Juliano Barbosa
Assessor técnico júnior do CFEMEA
No dia 28 de setembro esteve em Referendo Constitucional no Equador a "nova constituição", que reformou certos aspectos econômicos e políticos do país. Possuindo diversos pontos polêmicos, a Constituição segue a reboque das demais democracias sociais da América Latina. No entanto, o que mais controvérsia gerou foi a possível "legalização do aborto" supostamente previsto no texto aprovado por cerca de 70% da população.

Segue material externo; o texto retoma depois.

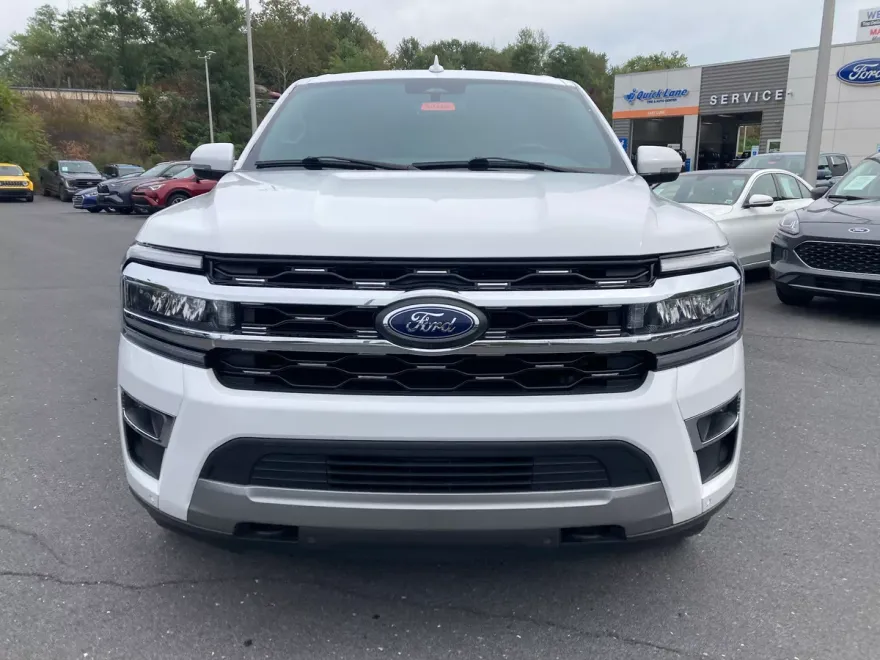 2022 Ford Expedition MAX Limited photo 1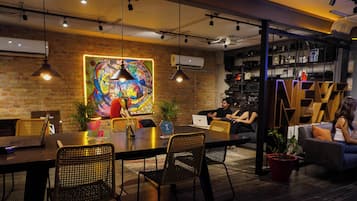 47-英寸智能电视(配备数码频道)、Netflix、流媒体服务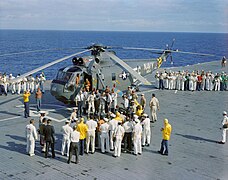 L'équipage de Gemini 7 sur le porte-avions USS Wasp le 18 décembre 1965.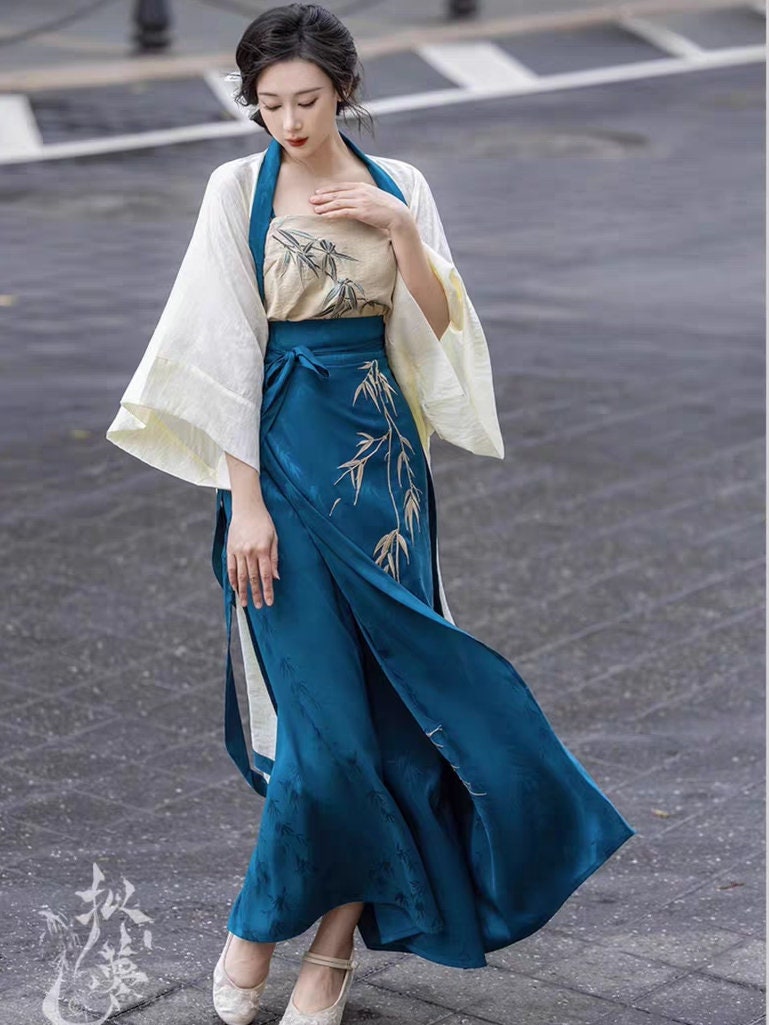 Blue Modern Hanfu Dress by Yandan Hanfu - Etsy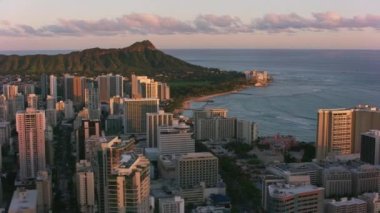 Honolulu, Oahu, Hawaii 2018 civarı. Gün batımında Waikiki ve Diamond Head 'in hava görüntüsü. Cineflex ve RED Epic-W Helyum ile çekilmiştir..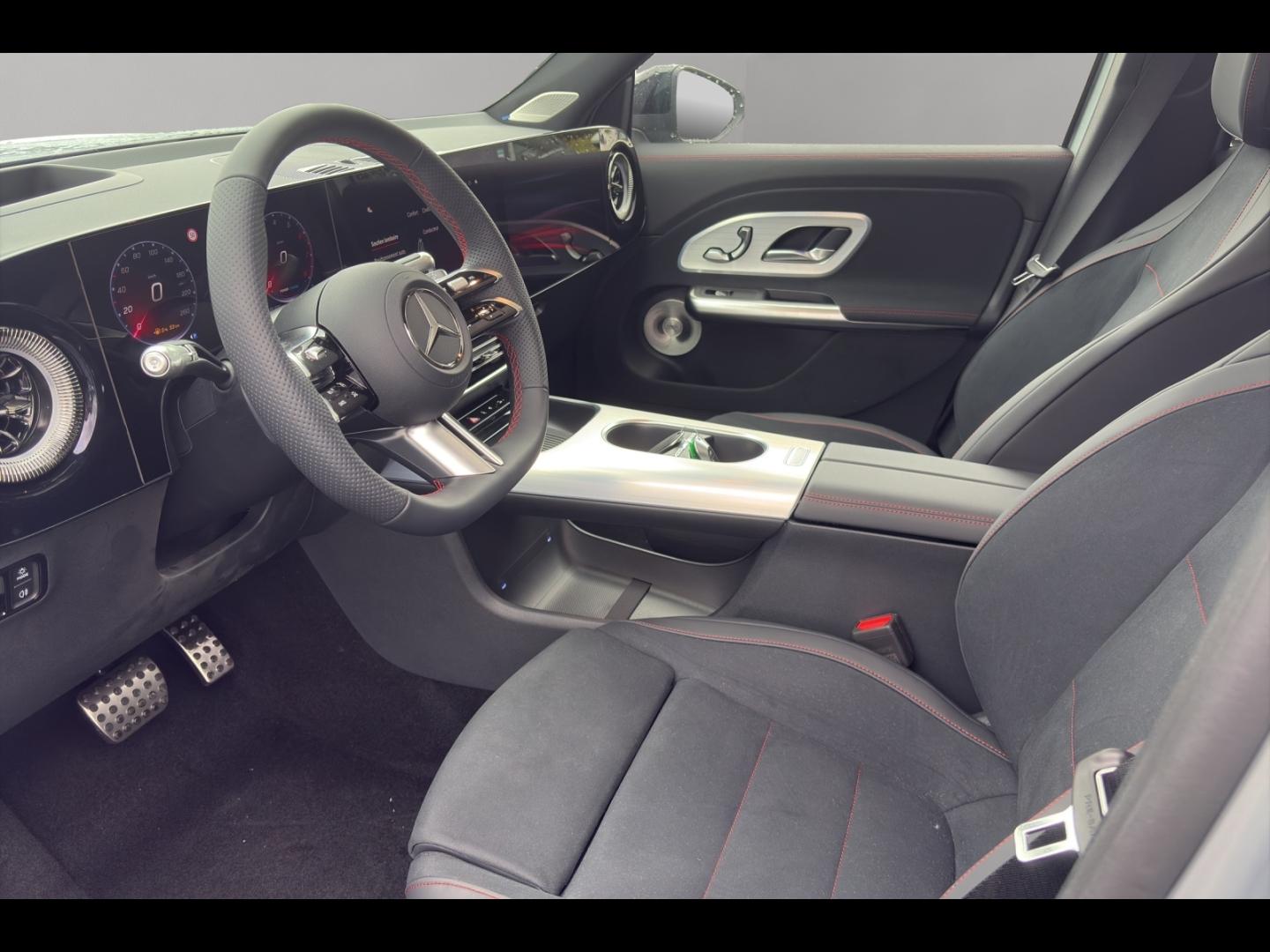 Image MERCEDES-BENZ GLB 200 163+30ch AMG Line 8G-eDCT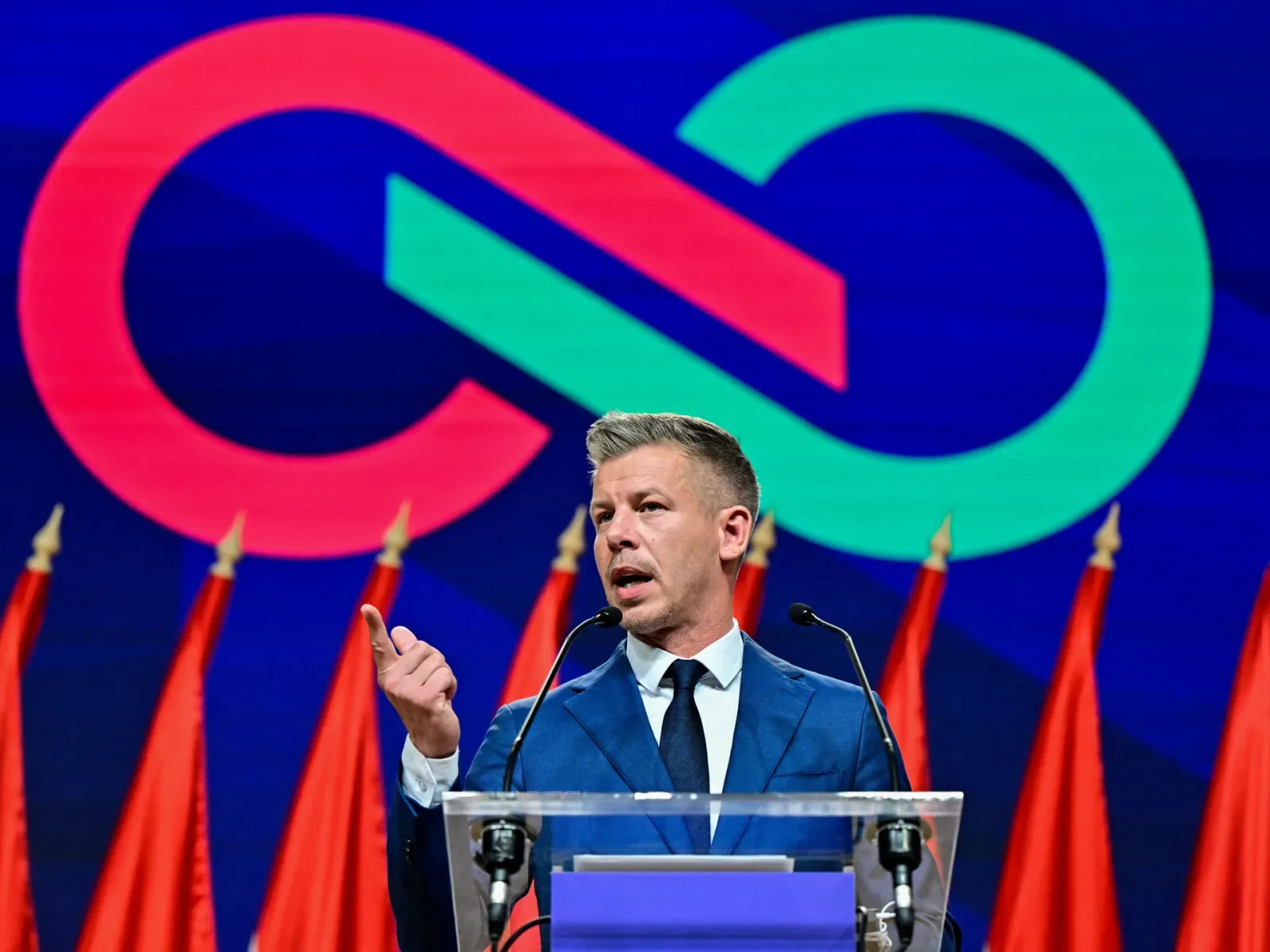 Peter Magyar discută despre viitorul energetic al Ungariei în fața steagurilor.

Analisando a redação da atual Constituição sobre o tema em questão e comparando com as constituições predecessoras, perceberemos que não há mudança significativa de tratamento, mas, na verdade, uma tentativa da igreja (ou de iniciativas religiosas) em retroceder num dispositivo previsto desde 1974. Nota-se, inclusive, um total despropósito do governo local em aprovar a legalização do aborto
A Constituição do Equador de 1974, reformada em 1984, já previa praticamente o mesmo artigo aprovado na Constituição referendada recentemente, vejamos: "é garantido o direito dos pais a ter o número de filhos que podem manter e educar".
Desde então, pouco ou nada se ouvia com relação à "legalização" do aborto promovida pelo governo do Equador, ou mesmo sobre outros temas mais resistentes à incorporação legislativa, a exemplo da possibilidade de matrimônio entre pessoas do mesmo sexo, agora referendada e também já "possível" desde 1978, eis que naquele país, nunca se falou que matrimônio deveria ser entre homem e mulher, mas entre pessoas. Portanto, a polêmica gerada pelas representações religiosas no referendo recente não se referia a uma inovação no texto constitucional, mas uma forçada oportunidade desse segmento em retroceder a autonomia das pessoas sobre seus direitos reprodutivos. O governo equatoriano em nada evoluiu ou revolucionou neste âmbito, apenas ratificou dispositivos anteriores que "deixam entreaberta a porta ao aborto e ao casamento entre pessoas do mesmo sexo", segundo o presidente da Conferência Episcopal, monsenhor Antonio Arregui. Os artigos constitucionais ora mencionados não dizem que abortar será exercício de um direito. Em outras palavras, não há aborto legal no Equador, apenas o direito da família em decidir quantos filhos quer ter e o respectivo aval do Estado.
O que se constata nesse caso, como tem ocorrido no Brasil, é uma tentativa articulada de retroceder em direitos já conquistados, em restringir autonomia de mulheres e famílias, pois não existe nenhuma previsão de abrir espaço para o aborto legalizado.
Ao ser questionado sobre a possibilidade de "expropriação da propriedade privada", "união das pessoas de mesmo sexo" e "legalização do aborto", o próprio presidente do Equador afirmou que "muitas dessas interpretações provem da oposição que, com má intenção, pretendeu criar medos e incitar a população a votar negativamente na votação." (informa o site oficial da presidência). Em especial sobre o aborto, o presidente afirmou categoricamente "que a nova constituição não apóia o aborto, pois o artigo 66 da mesma se fundamenta no direito das pessoas, e não das mulheres, em decidir quando e quantos filhos criar. Claramente se tratando de planejamento familiar." (http://www.presidencia.gov.ec/noticias.asp?noid=15902&hl=true)
Também como Lula, o presidente Rafael Corrêa se esquiva às demandas específicas das mulheres, mantendo risco de retrocesso e sem avanços de direitos. Apenas o movimento organizado de mulheres poderá lutar e forçar governos a descriminalizar a interrupção voluntária da gravidez e legalizar o aborto, abandonando tempos de dominação burguesa-cristã da sexualidade e da reprodução, encarando o aborto como questão de saúde pública, contra mortalidade de mulheres e, sinal de emancipação social, longe de conchavos entre Estado e igreja.